Many visualizations involve joining data from multiple sources and/or reshaping data from “wide” to “long” format. This exercise will give you practice with both of these tasks.
Getting Started
Create a folder and a Quarto file, as usual. You can use ex06-pivot-join.qmd. The usual setup code can be found in thou course notes.
Download the data from https://www.gapminder.org/data/ in either CSV or Excel format. Upload to RStudio and use either pd.read_csv or pd.read_excel to load it.
Step by step instructions, so we all get the same data:
Under “Choose individual indicators”, search for “GDP”. Click the one marked “Income”, it should say “GDP per capita (price and inflation adjusted, in PPP$2017)” when you click on it.
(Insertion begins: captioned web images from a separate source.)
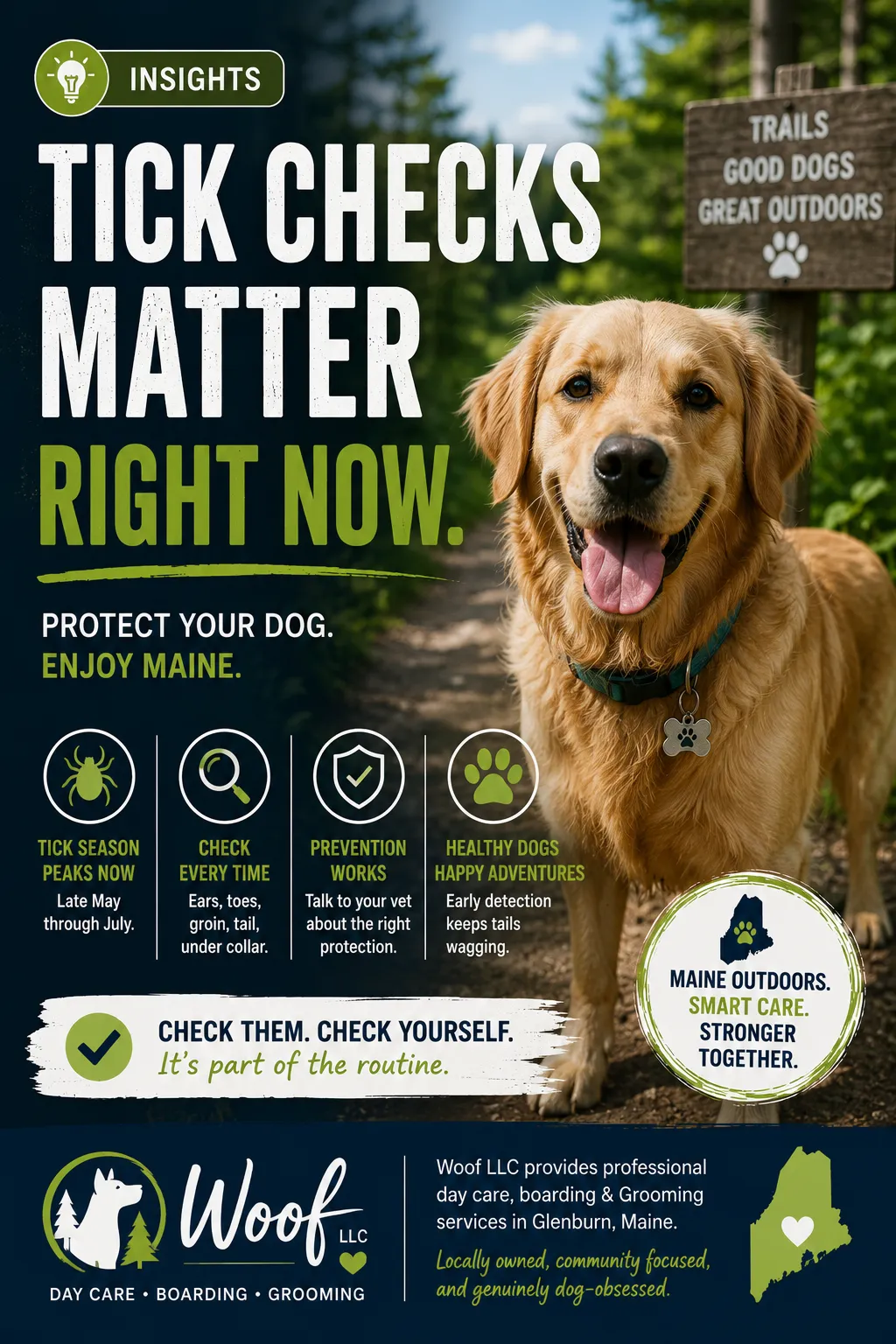 Tick Season Is Here in Bangor — What Every Dog Owner Needs to Know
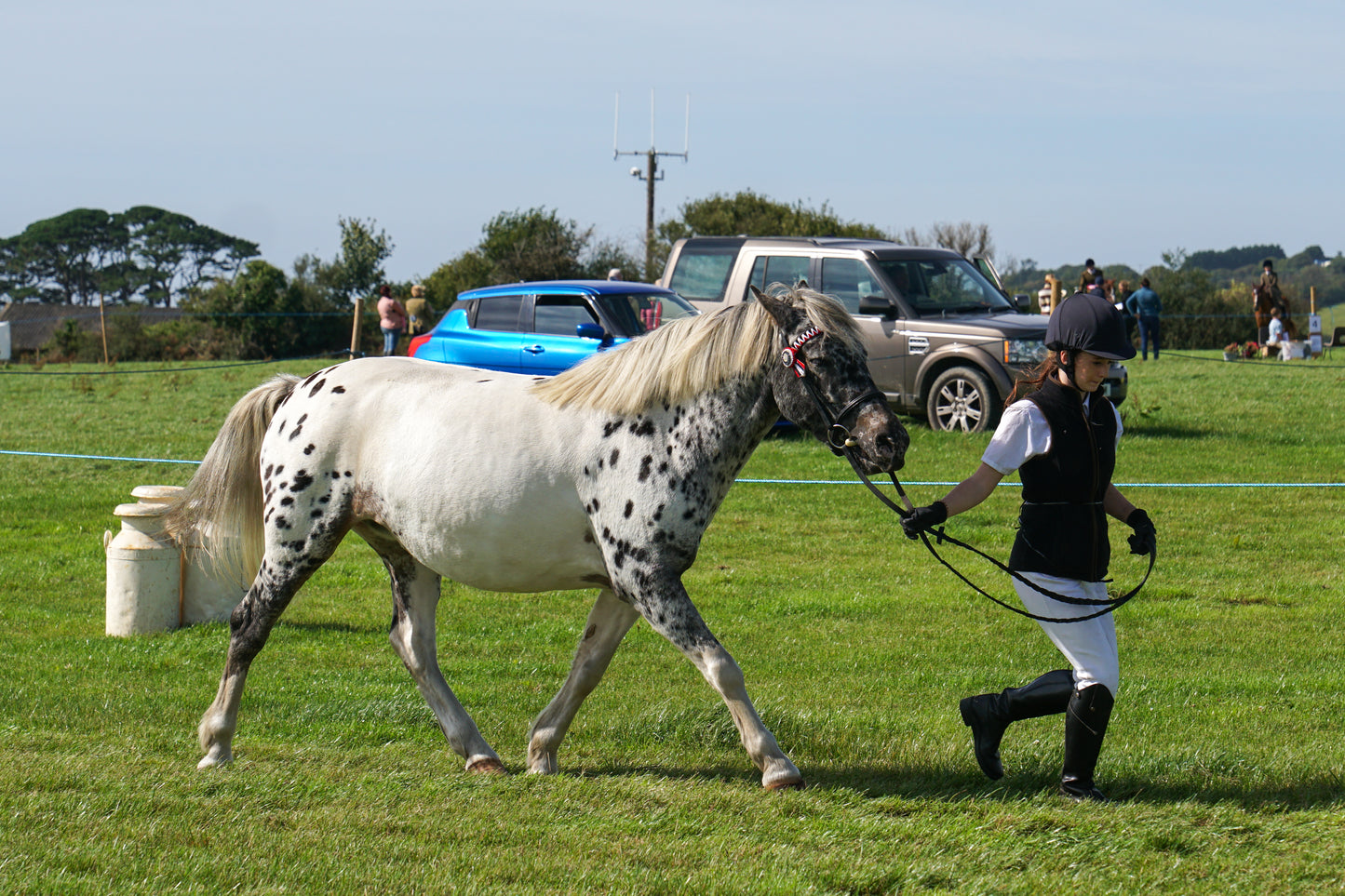 lanlivery show in hand part 2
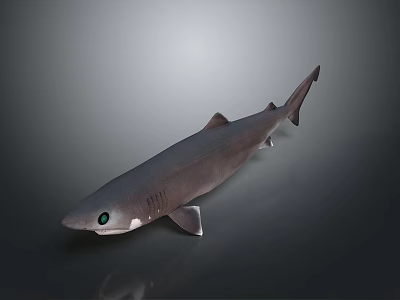 3D Rendered Shark With Gray Body Green Eyes Fins And Tail Against Gray Background 3d model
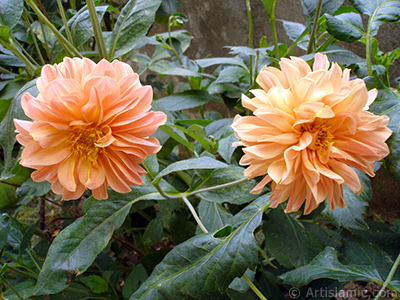 Dahlia flower. <i>(Family: Asteraceae, Compositae, Species: Dahlia)</i> <br>Photo Date: August 2008, Location: Turkey/Yalova-Termal, By: Artislamic.com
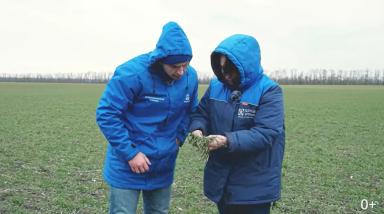 Весенне-полевые работы – советы от ФосАгро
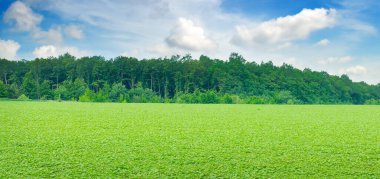 Açık fasulye tarlası ve bulutlu gökyüzü. tarım arazisi. Geniş resim.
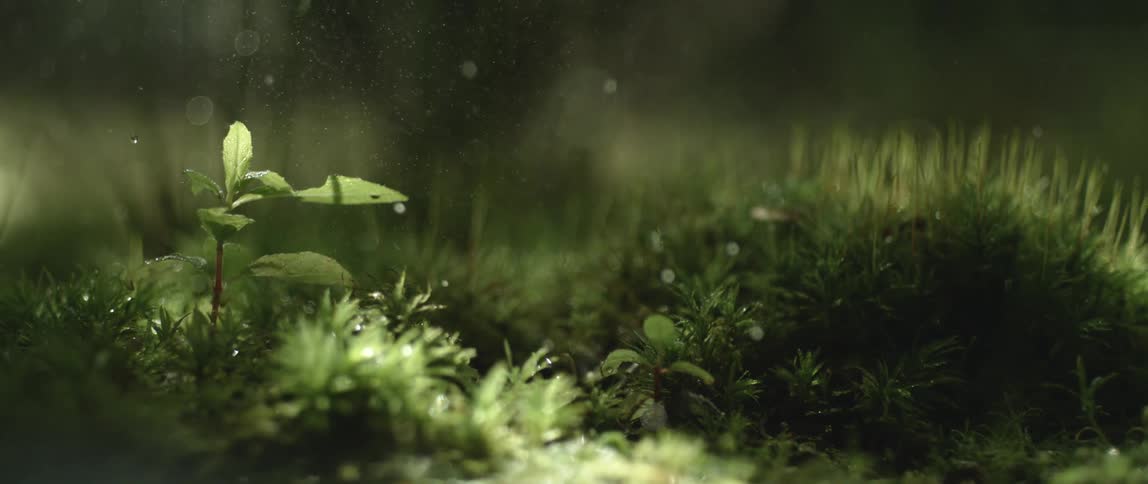 Drops of water fall onto a mossy forest floor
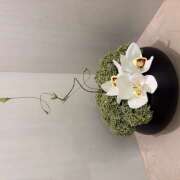 しおり おはよう御座います🥰 人妻恋愛サークル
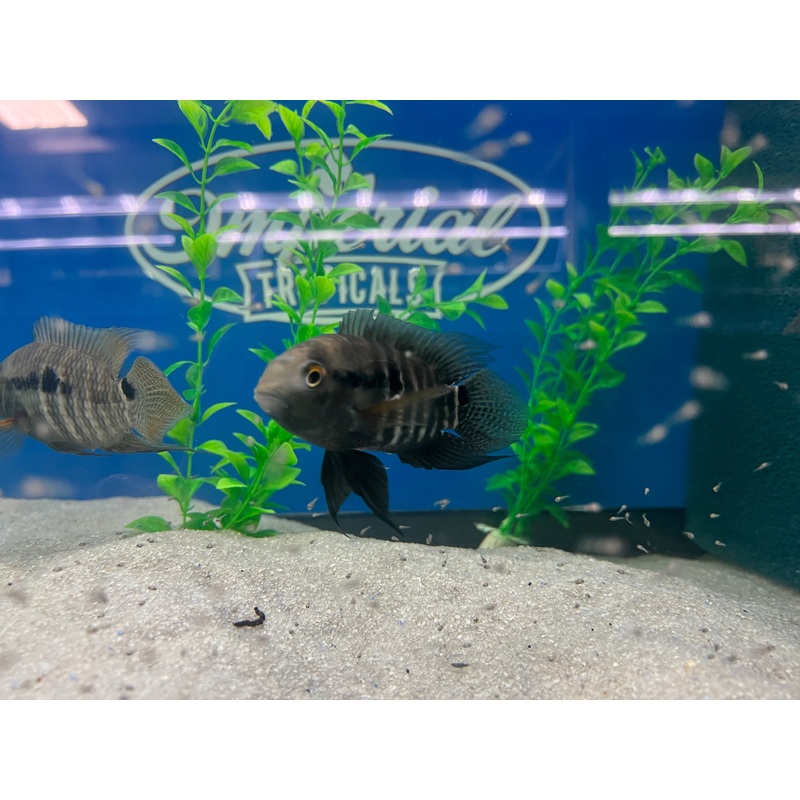 Amazon Cichlid 1-2 Unsexed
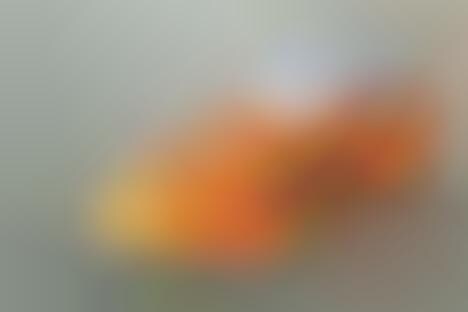 Funky Fruity Footwear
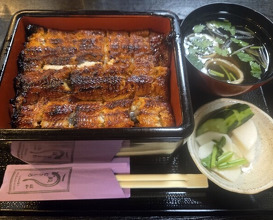 Dinner at Unagi Musashino (鰻 むさし乃)
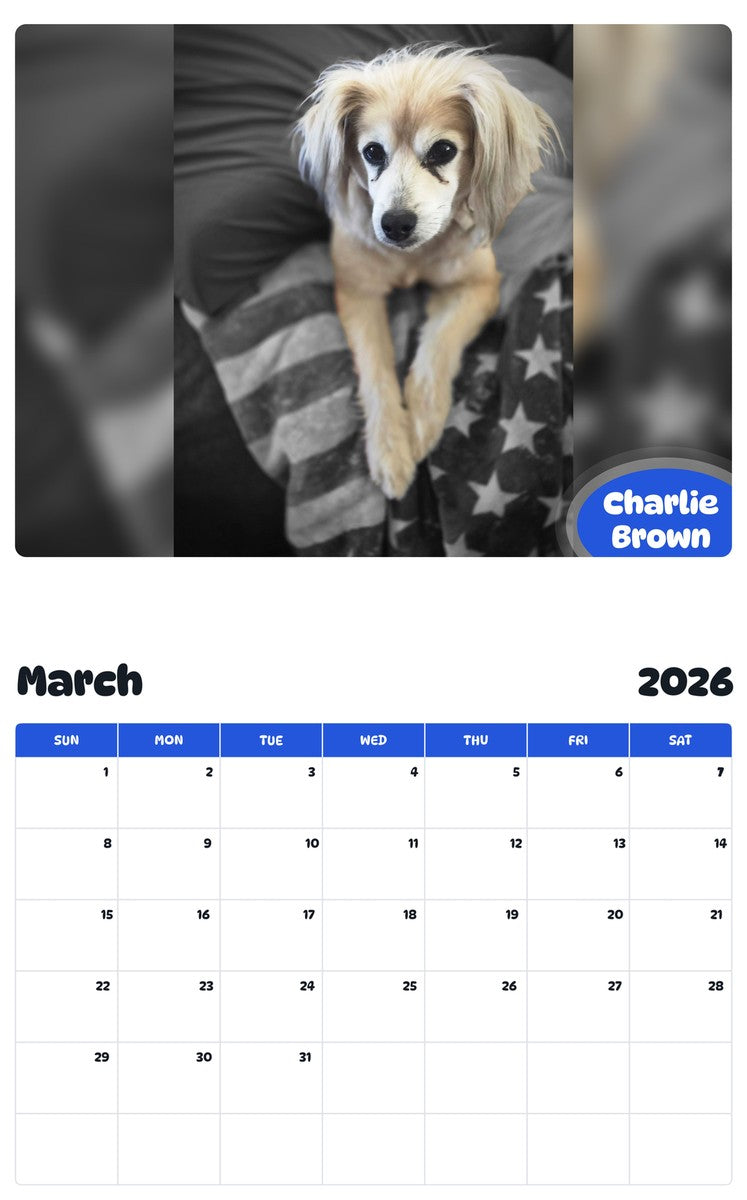 November 2025 - October 2026 Charlie Brown - Pawidols Pet Calendar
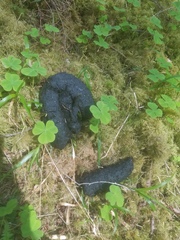 Ursus americanus cinnamomum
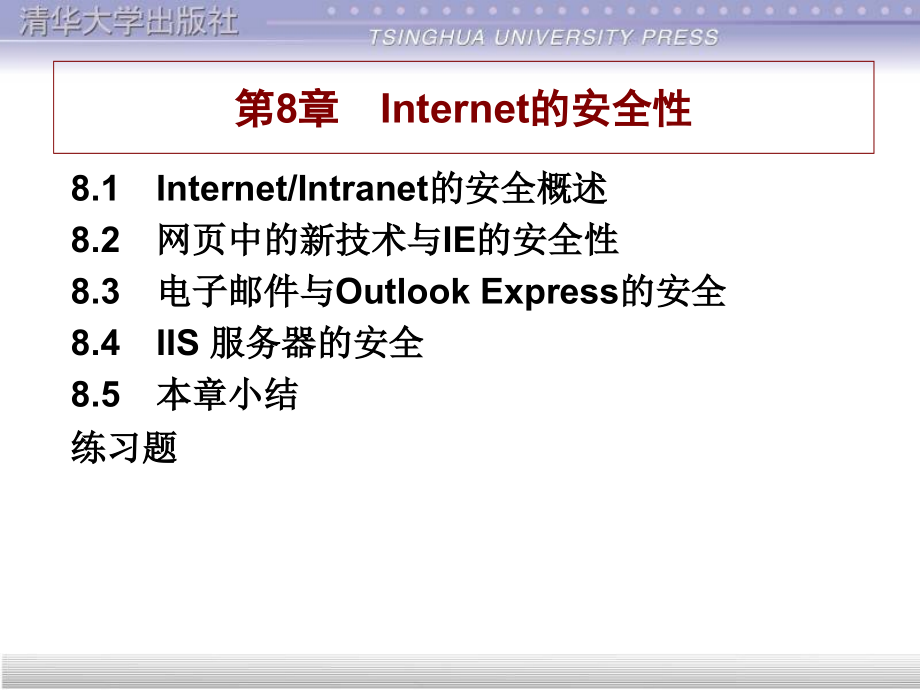 Internet的安全性(1)精编版_第1页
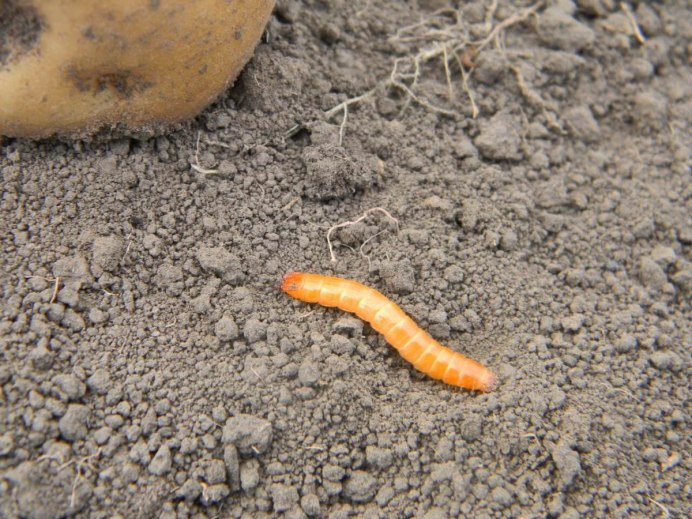 Dalopius marginatus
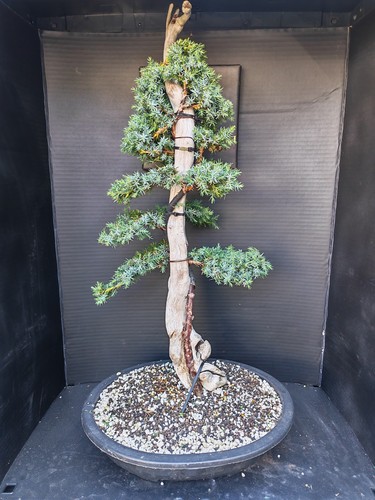 Tanuki needle juniper bonsai - needle,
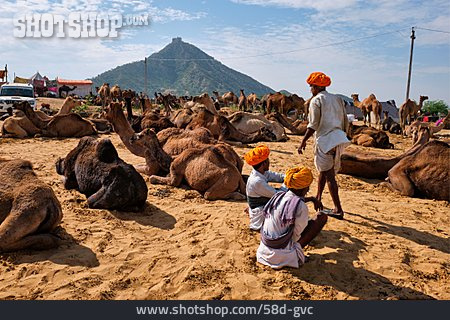 
                Kamel, Viehmesse, Pushkar-messe                   
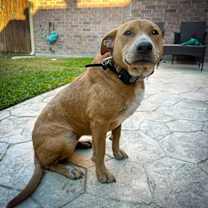 Thumbnail photo of Biscuit III (New Digs) #2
At the top of the table, click Download As: CSV or XLSX. I got a file named lex.xlsx
Click the header (“GDP per capita”) and select instead “Life Expectancy, at birth”. Download that as well. I got a file named gdp_pcap.xlsx
Notice that the data is in “wide” format, with each year as a column. To join and plot this data, we’ll need it in “long” format, with each year as a row:
country
year
gdp_pcap
0
Afghanistan
1800
583
1
Angola
1800
452
2
Albania
1800
569
3
Andorra
1800
1660
4
UAE
1800
1390
We’ll use pd.melt to get it in this format. We’ll need to tell it which columns form the primary key, specified by the id_vars argument. The other columns will be “melted” into a single column, specified by the var_name argument. The values for those columns will be put in a column specified by the value_name argument.
It has a lot of columns; we only want four_regions. Rename it to region. You might also want to rename the name column so it has the same name as the corresponding column in the gapminder dataframe. Then select the columns we want. Then join it with the gapminder data.
To rename, use data_frame.rename(columns={"old_name": "new_name"}). To select columns, use df[["col1", "col2"]]. Remember that both of these return a new dataframe, so you can chain the operations together, then assign the final result to a variable (I used gapminder_with_regions).
Plotting
Now you can make the plot. By now you should be able to do this without further guidance.